Car, et vous le savez bien, tout dans une affaire de cet ordre
se joue sur l’opinion ; leur rendant la Sorbonne, j’enlevais
à la manifestation son objectif stratégique, elle
cessait de pouvoir devenir une émeute pour rester une ‘démonstration’.
Mais surtout, ayant fait ce que l’opinion attendait, je renversais
les responsabilités. Désormais, c’étaient
les ‘étudiants’ qui se mettaient dans leur tort,
qui devenaient des provocateurs, au lieu que ce fussent des innocents
se défendant contre les provocations gouvernementales et
policières. Je n’avais plus qu’à gagner
du temps, à circonscrire le mal, puis à prendre l’offensive
sans douleur quand l’opinion en aurait assez.”9
Ce qui, en mai 68, menace le régime, ce n’est pas
la révolte étudiante, c’est le soutien qu’elle
a reçu de “l’opinion”, c’est-à-dire,
bien sûr, l’opinion populaire. Et la manifestation du
13 mai, qui inspire à Pompidou des craintes justifiées,
n’est pas une manifestation étudiante, c’est
la première manifestation de masse où s’exprime
la solidarité populaire, et qui sera suivie par les grèves
qui éclatent dans tout le pays, et se généralisent
aussitôt, sans qu’aucun syndicat ait appelé à
une grève générale : l’objectif du pouvoir
est alors d’empêcher la conjonction des luttes, qui
s’esquisse dès le 14 mai, avec l’occupation de
Sud-Aviation, que viennent soutenir les étudiants de Nantes.
C’est alors que commencent, pour les étudiants qui
ont repris la Sorbonne, les difficultés véritables
: “Le mouvement étudiant a connu le succès,
la réalité et la joie sur un terrain qui était
naturellement le sien : les facultés et les quartiers universitaires,
note alors Castoriadis, pour qui le mouvement doit se risquer à
faire un saut périlleux, moins périlleux pourtant
que la tentation du sur-place : Dire qu'il doit passer à
la vraie politique face à la société globale,
c'est apparemment lui dérober ce terrain sous ses pieds,
sans lui en offrir d'emblée un autre comparable.” -
mais : “si cela n'était pas fait, ce serait l'isolement
et finalement la défaite du mouvement étudiant.
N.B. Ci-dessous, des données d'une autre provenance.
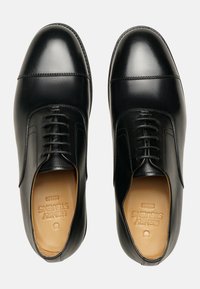 Schwarze Lederschuhe mit einer polierten Oberfläche, die eine abgerundete Zehenpartie, klassisches Schnürdesign und minimale Nähte aufweisen.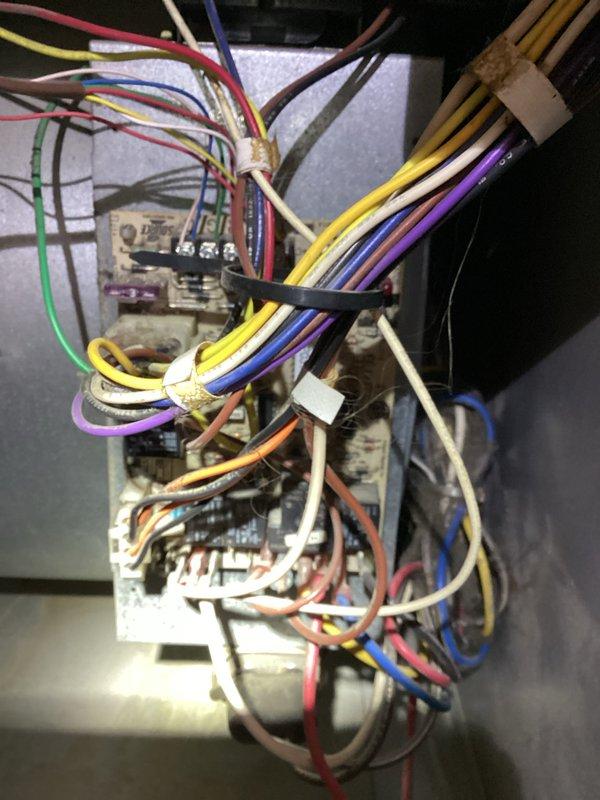 Responded to service call for 30+ year old natural gas furnace that was squealing and subsequently stopped operating. Accessed property using provided entry code as tenant was not home. Performed diagnostic inspection of furnace components and control systems. Examined electrical control board, wiring harness, and connections for signs of failure or deterioration. Inspected heat exchanger coils and associated mechanical components. Documented equipment condition through photographs showing control board with multiple wire connections, manufacturer specification labels with model and serial number information, and internal mechanical components including heat exchanger coils. Service waived as part of MVP membership enrollment.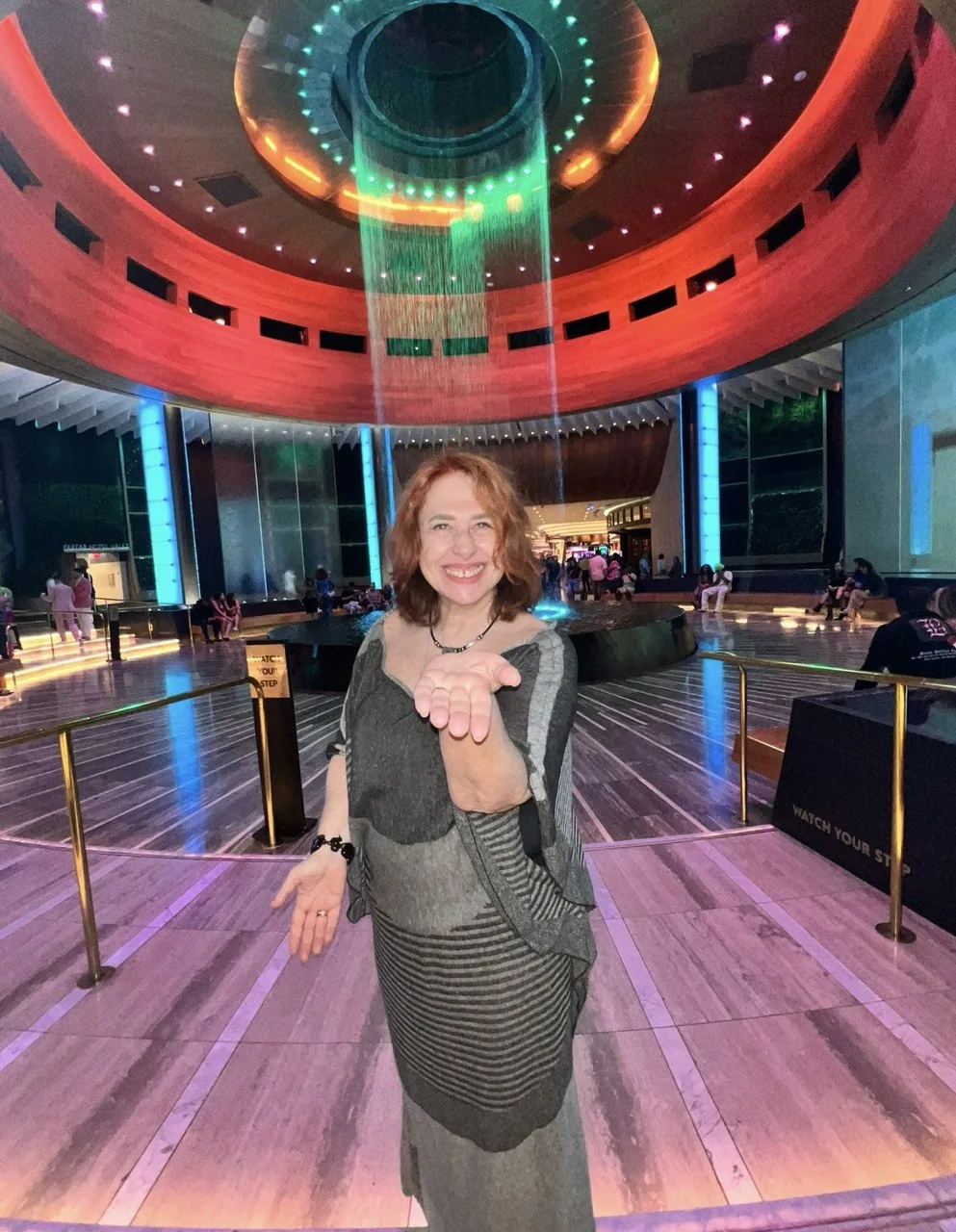 Женщина в сером платье протягивает руку в просторном холле с круглой световой инсталляцией на потолке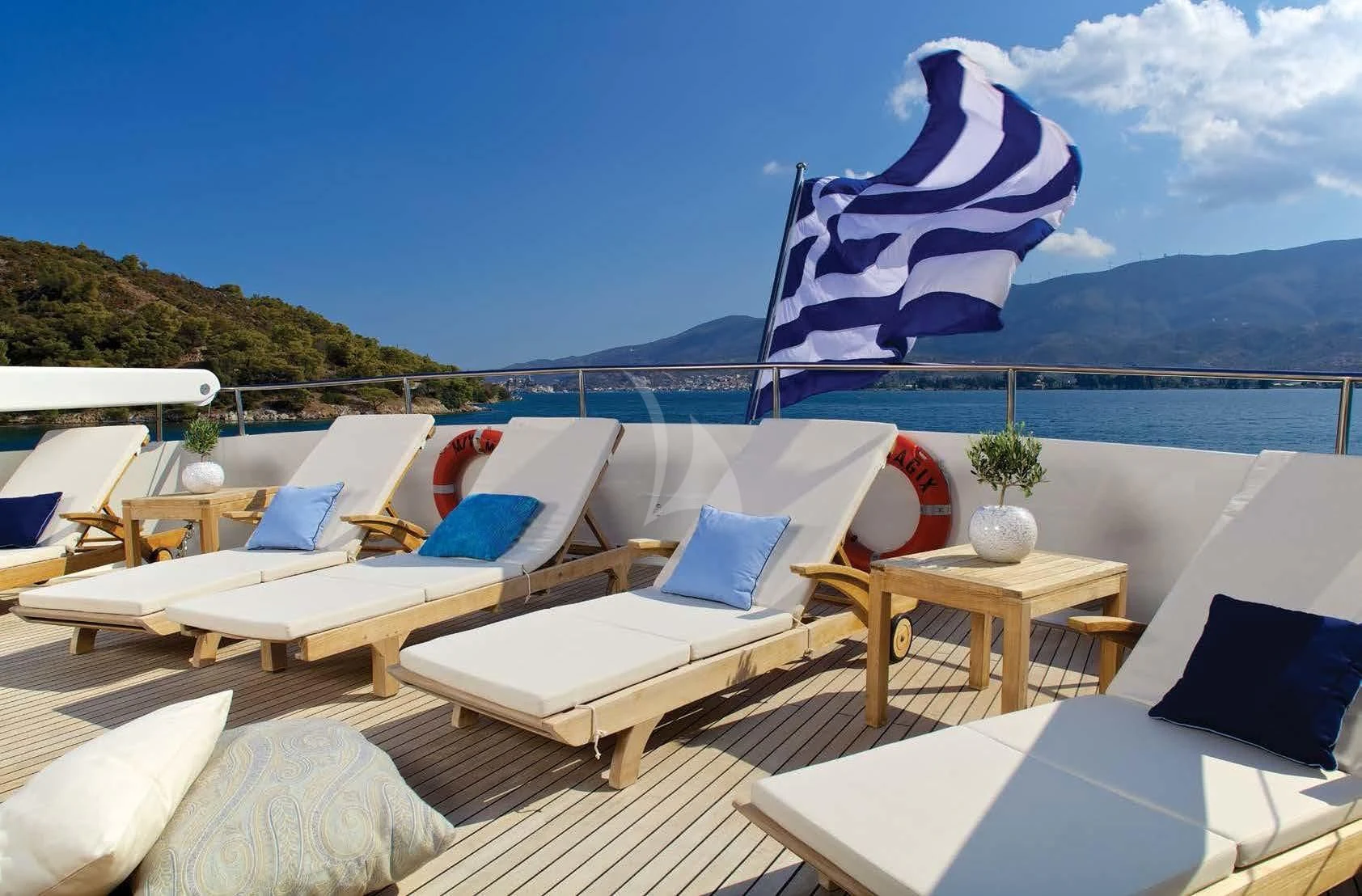 a deck with chairs and tables on it aboard MAGIX Yacht for Sale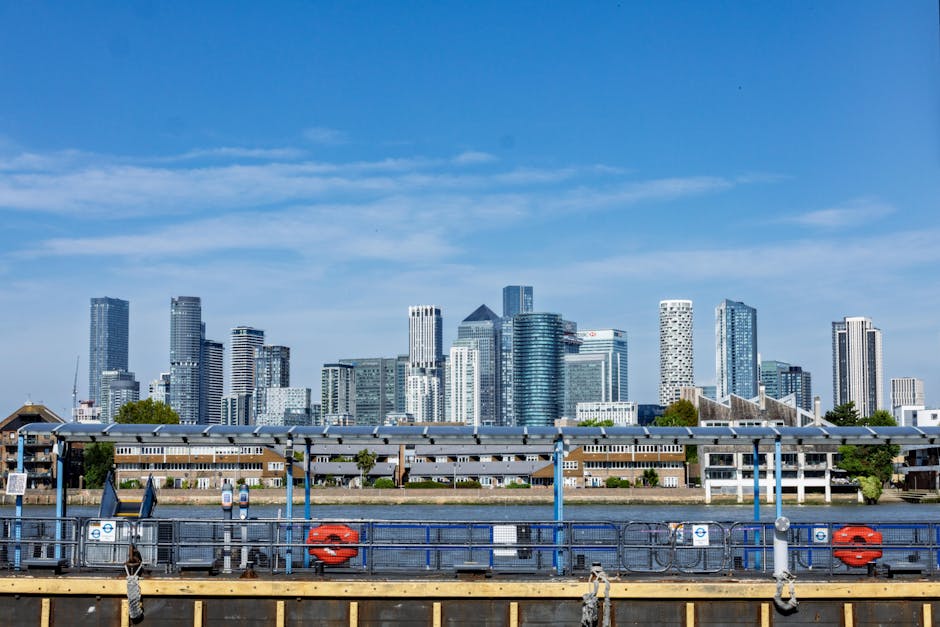 An aerial view of a modern city skyline under a partly cloudy sky, featuring numerous high-rise office buildings and apartments constructed with glass and steel, reflecting light from the clouded sky.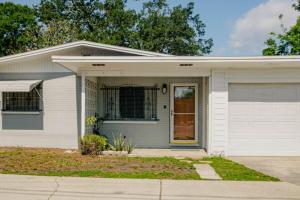 een wit huis met een garage bij Cozy 3Bdr home in the heart of Tampa in Tampa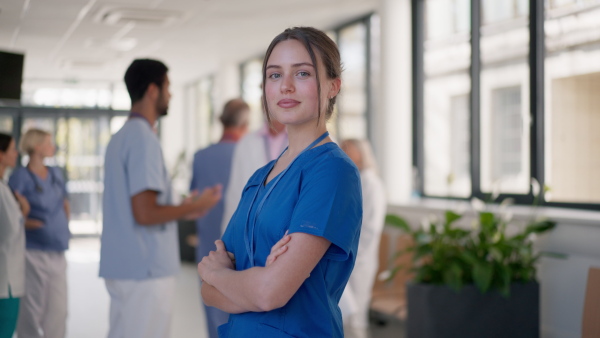 Young woman doctor at hospital corridor, looking at camera, her colleagues standing and talking in the background.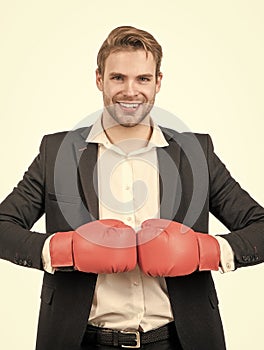 Happy businessman man hold boxing gloves together ready to fight isolated on white, fighting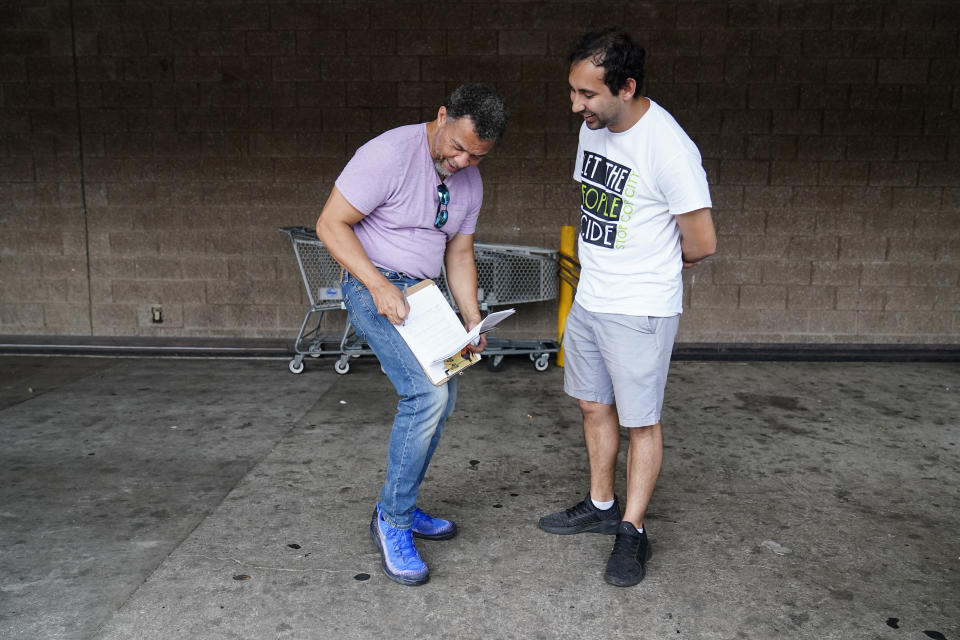 FILE - Gabriel Sanchez, right, talks with Atlanta resident, Bobby Thornton, left, Thursday, July 20, 2023, in Atlanta. Activists with the Stop Cop City Vote Coalition collected signatures to force a referendum allowing voters to decide the fate of a proposed police and firefighter training center. But an analysis of petition entries by four news organizations finds it’s unclear whether petitioners have enough valid entries to force the citywide vote, with nearly half the entries unable to be matched to eligible registered Atlanta voters. (AP Photo/Brynn Anderson, file)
Ce
serait le triomphe de la ligne commune à Pompidou et à
Séguy : que chacun reste à sa place, que les étudiants
s'occupent de leurs affaires et les travailleurs des leurs, ce qui
permettrait au gouvernement et aux ‘directions’ politiques
de s'occuper des affaires de la société.”10
La défaite, en effet, c’est d’abord l’isolement,
programmé, on l’a vu, par Georges Pompidou, qui jouait
bien son rôle, - mais aussi par les dirigeants syndicaux,
qui jouaient bien le leur : dans la logique des appareils, une grève
qui échoue est toujours préférable au succès
d’une grève qui échappe à leur contrôle.
Aussi n’ont-ils rien fait pour lancer le mouvement, et tous
leurs efforts ont tendu à le faire cesser au plus vite :
“Ce n'est que l'après-midi du 17, après des
débrayages spontanés chez Renault-Billancourt, que
les directions syndicales sautent dans le train en marche, et parviennent
à prendre le contrôle du mouvement pour conclure finalement
avec le gouvernement les accords de Grenelle.”11
Ces accords, on le sait, sont d’abord rejetés par
les assemblées de grévistes, mais dès que Pompidou
arrache au général de Gaulle, qui avait d’abord
voulu faire un référendum, le recours à des
élections anticipées, qu’aucun parti de gauche
n’osera boycotter, les directions syndicales vont faire le
forcing pour casser la grève, et conclure au plus vite des
accords par branche. Replacé dans ce contexte, le célèbre
slogan “élections, piège à cons”
n’exprime aucunement le refus doctrinaire de prendre part
à quelque élection que ce soit, c’est la dénonciation
des stratégies bureaucratiques qui ont d’ailleurs conduit
à l’échec de la gauche - échec qu’il
serait vain d’attribuer au réveil du “parti de
la peur”, et donc, en fin de compte, aux violences du Quartier
Latin, aux voitures brûlées et aux rues dépavées.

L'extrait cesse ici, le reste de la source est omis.